*** Raw data Section Begins ***
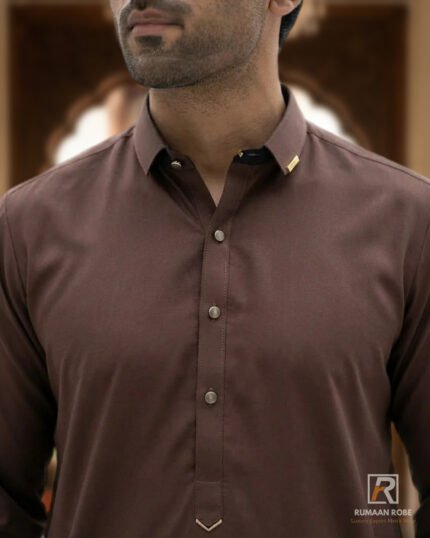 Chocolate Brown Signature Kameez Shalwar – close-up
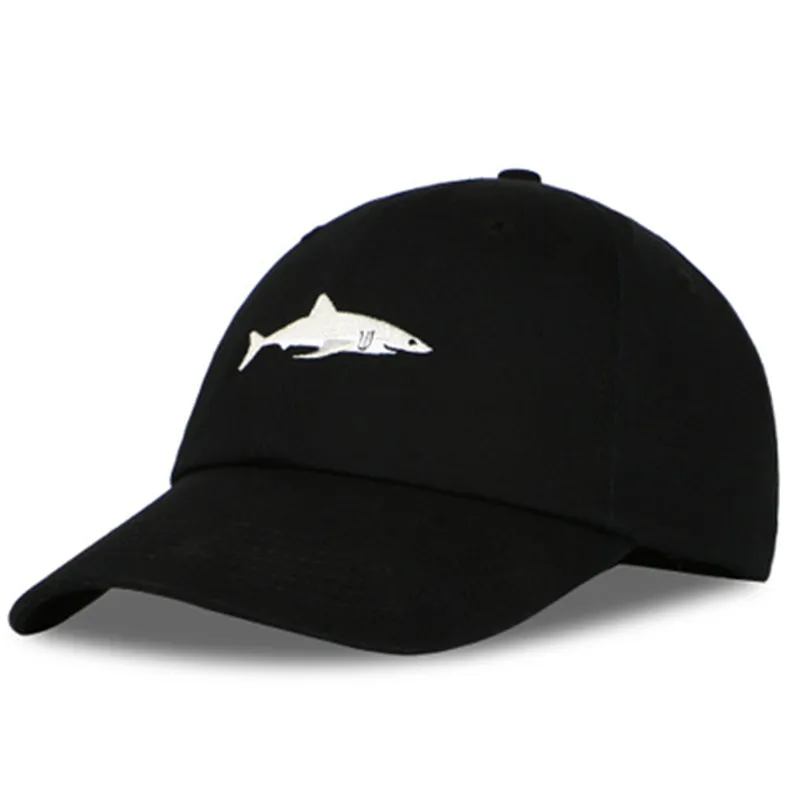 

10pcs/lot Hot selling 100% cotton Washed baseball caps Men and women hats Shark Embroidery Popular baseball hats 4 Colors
*** Raw data Section Ends ***
*** Raw data Section Begins ***
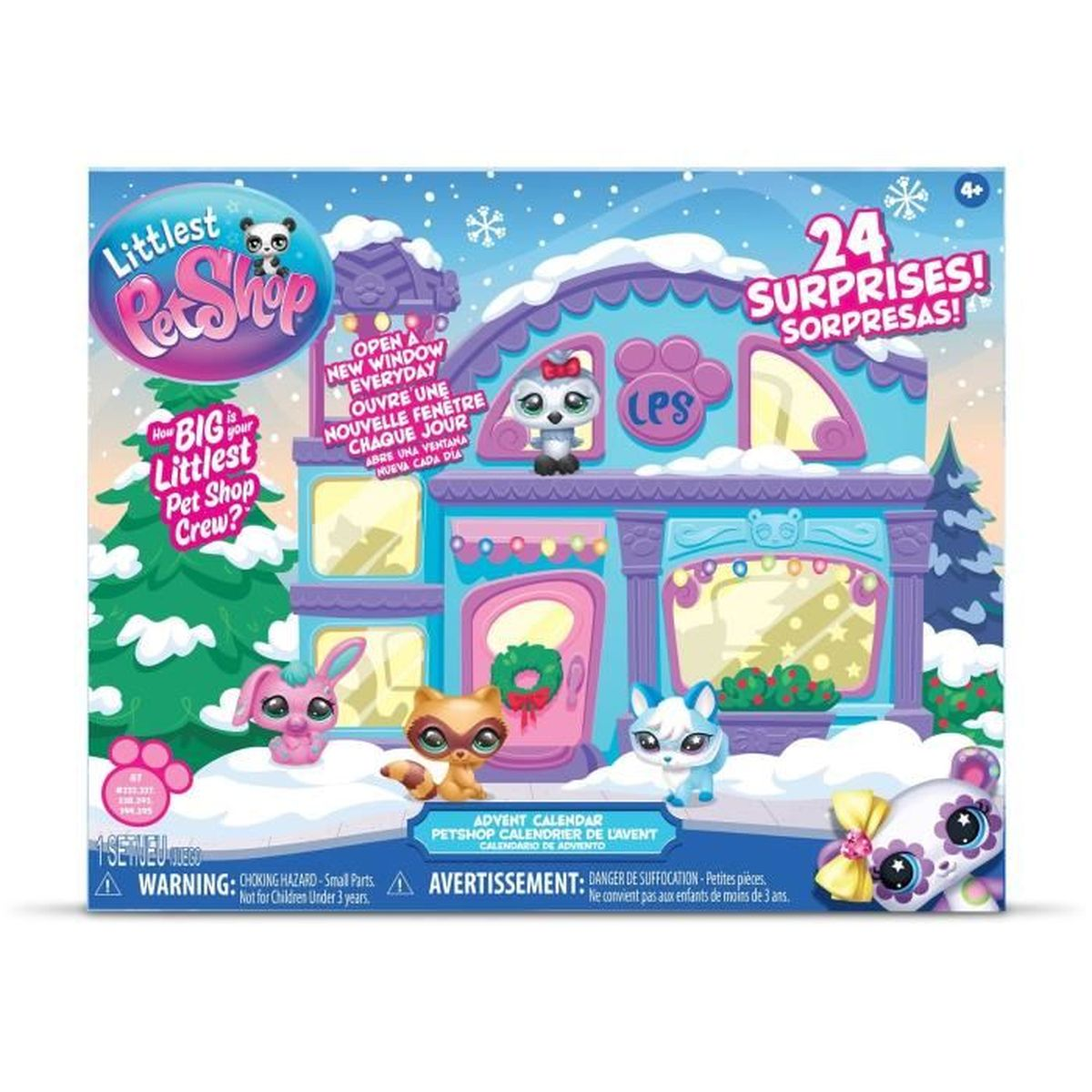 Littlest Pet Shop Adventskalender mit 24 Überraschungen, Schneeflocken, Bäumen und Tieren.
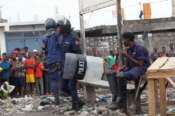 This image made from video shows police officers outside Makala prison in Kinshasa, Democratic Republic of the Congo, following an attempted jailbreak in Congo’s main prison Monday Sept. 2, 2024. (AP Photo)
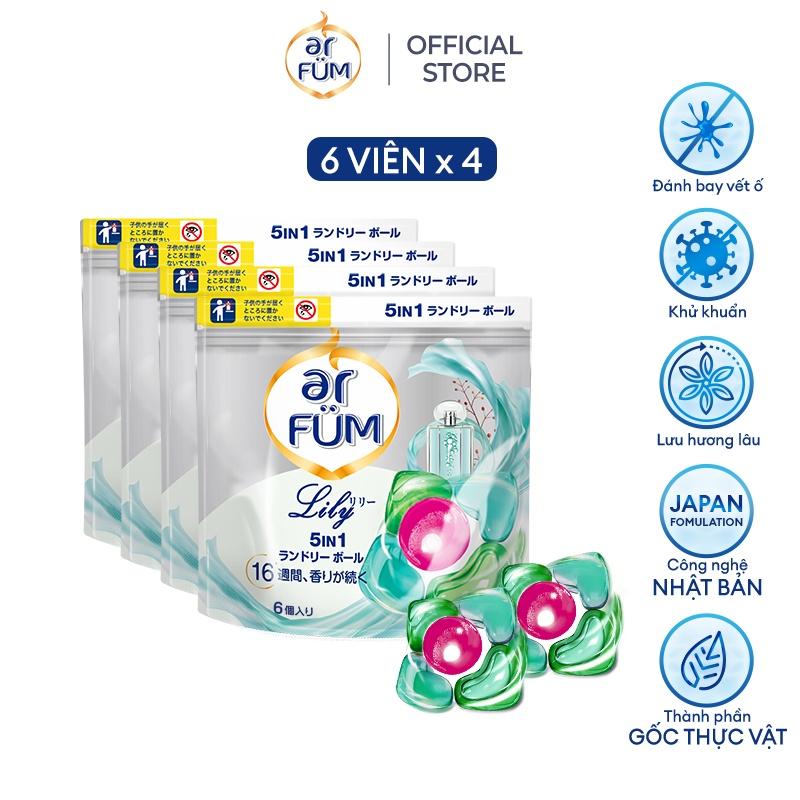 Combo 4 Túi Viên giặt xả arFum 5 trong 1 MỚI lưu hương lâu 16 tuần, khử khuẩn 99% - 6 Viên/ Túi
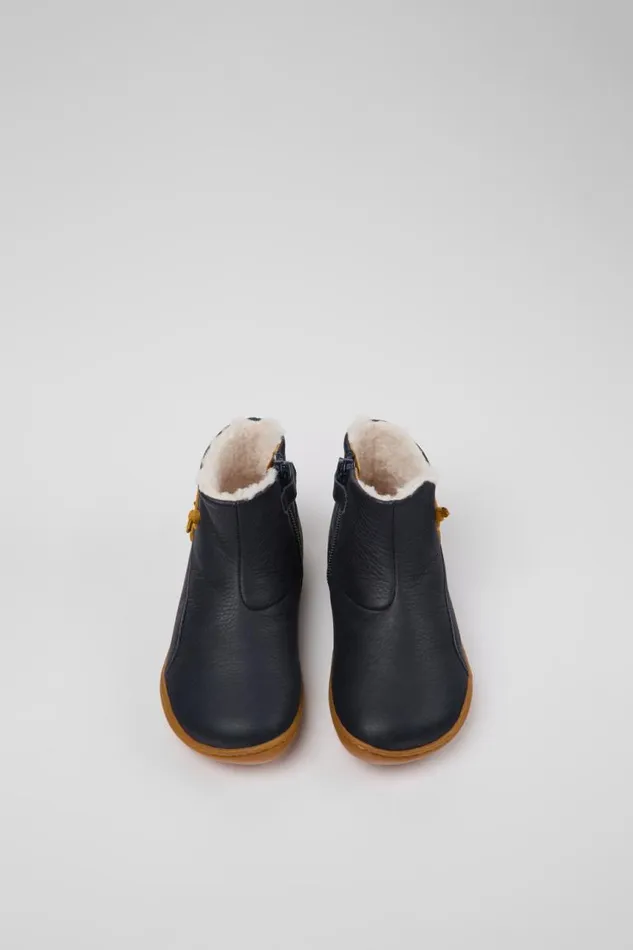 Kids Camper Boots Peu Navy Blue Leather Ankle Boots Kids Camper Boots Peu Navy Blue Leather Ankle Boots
*** Raw data Section Ends ***
*** Raw data Section Begins ***
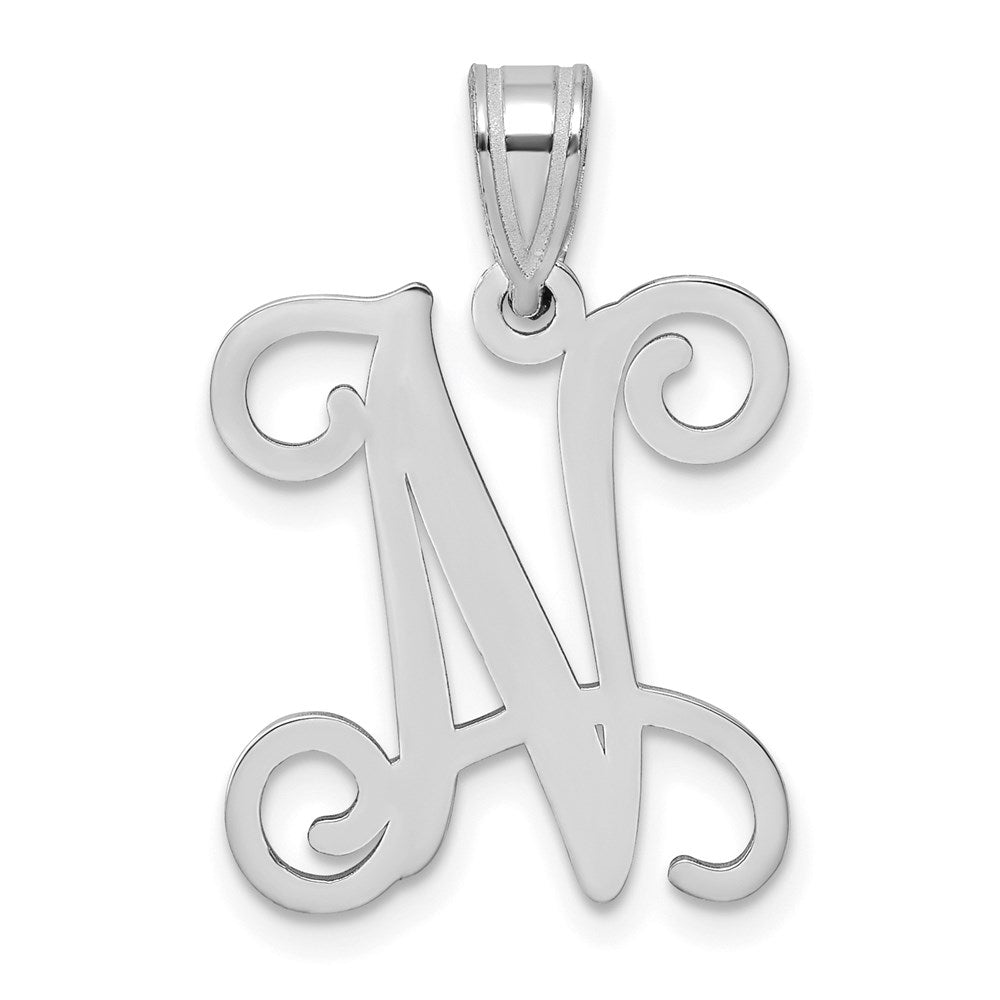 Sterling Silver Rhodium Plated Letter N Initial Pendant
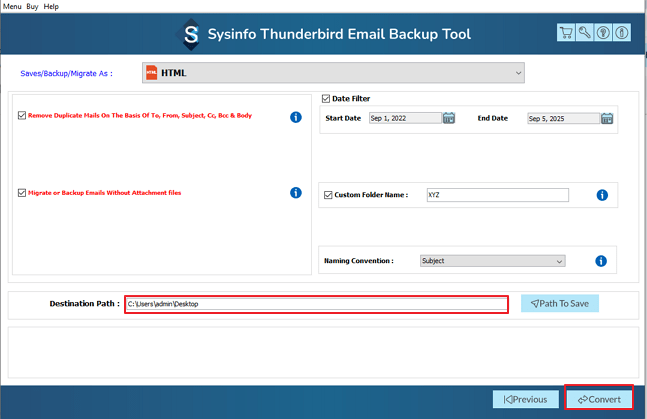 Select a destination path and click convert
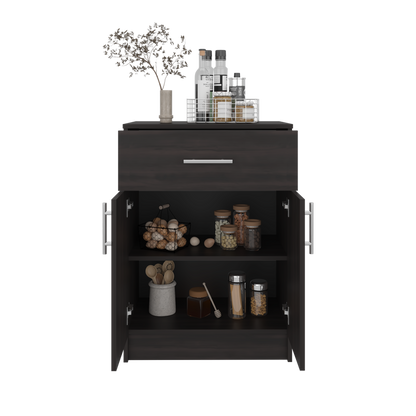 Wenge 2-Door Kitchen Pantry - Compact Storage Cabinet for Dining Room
*** Raw data Section Ends ***
Exercise instructions ->
To complete this exercise, transcribe exactly the lines above from the one that holds "Chocolate Brown Signature" through the one that holds "10pcs/lot Hot selling". Pictures stay out.

Solution to this exercise ->
 Chocolate Brown Signature Kameez Shalwar – close-up

10pcs/lot Hot selling 100% cotton Washed baseball caps Men and women hats Shark Embroidery Popular baseball hats 4 Colors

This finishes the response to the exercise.